• TASK ITEM:
Only the lines from the one that contains "Head clinical libraries" through the end of the entries, both included, should be transcribed, exactly and without pictures.
╭─ ENTRIES PROVIDED
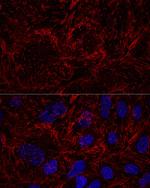 Septin-9 Polyclonal Antibody
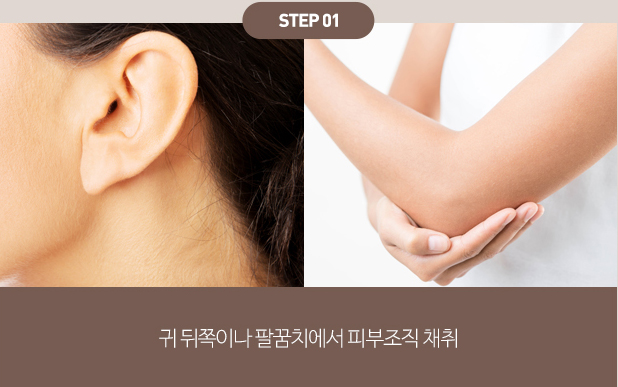 피부의 근본적인 재생을 돕는 자가성장인자와 100% 순수 콜라겐의 결합의 시너지 작용 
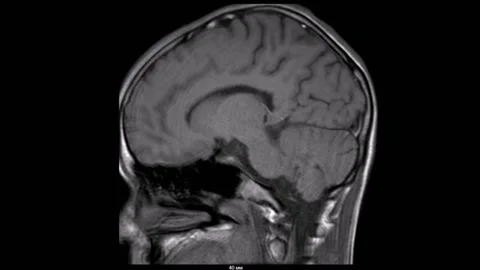 Head clinical libraries MR SR MRI tomography Vídeo Stock 196876682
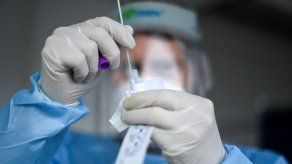 La tasa de letalidad del COVID-19 en Panamá se mantiene en 1.7%.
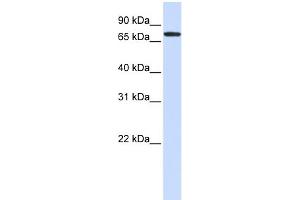 WB Suggested Anti-GALNT6 Antibody Titration:  0. (GALNT6 抗体  (Middle Region))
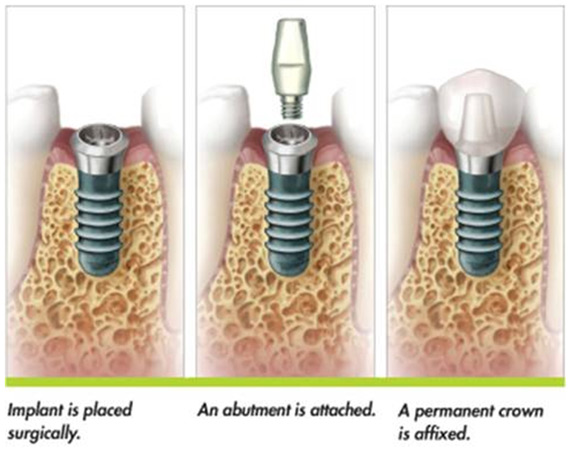 dental-implant-in-ahmedabad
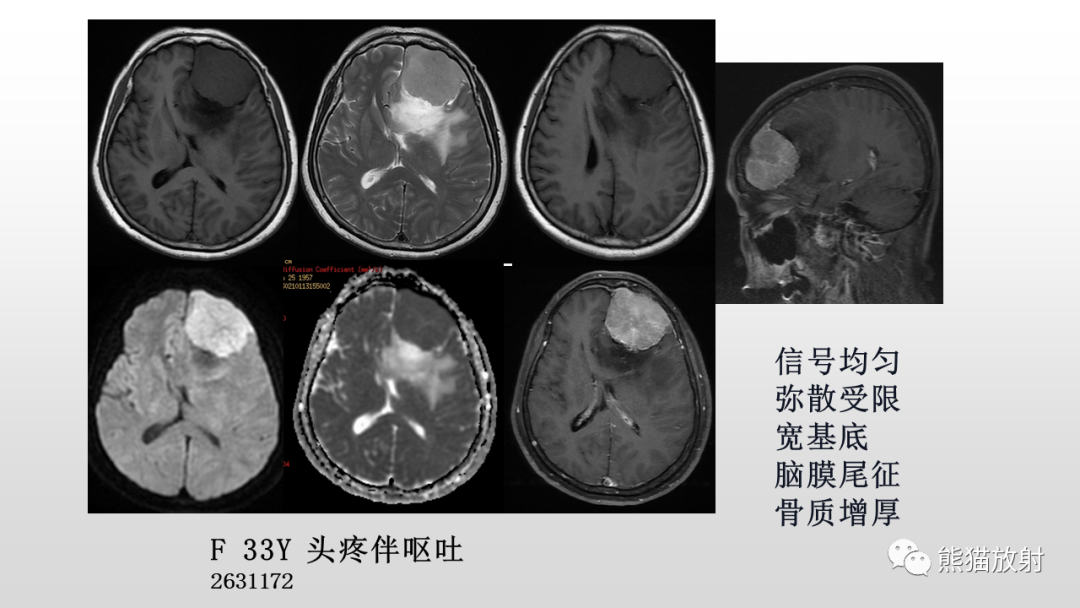 影像PPT - 【PPT】颅内孤立性纤维性肿瘤2例MR-28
╰─
• ANSWER SECTION:
 Head clinical libraries MR SR MRI tomography Vídeo Stock 196876682
 La tasa de letalidad del COVID-19 en Panamá se mantiene en 1.7%.
 WB Suggested Anti-GALNT6 Antibody Titration:  0. (GALNT6 抗体  (Middle Region))
 dental-implant-in-ahmedabad
 影像PPT - 【PPT】颅内孤立性纤维性肿瘤2例MR-28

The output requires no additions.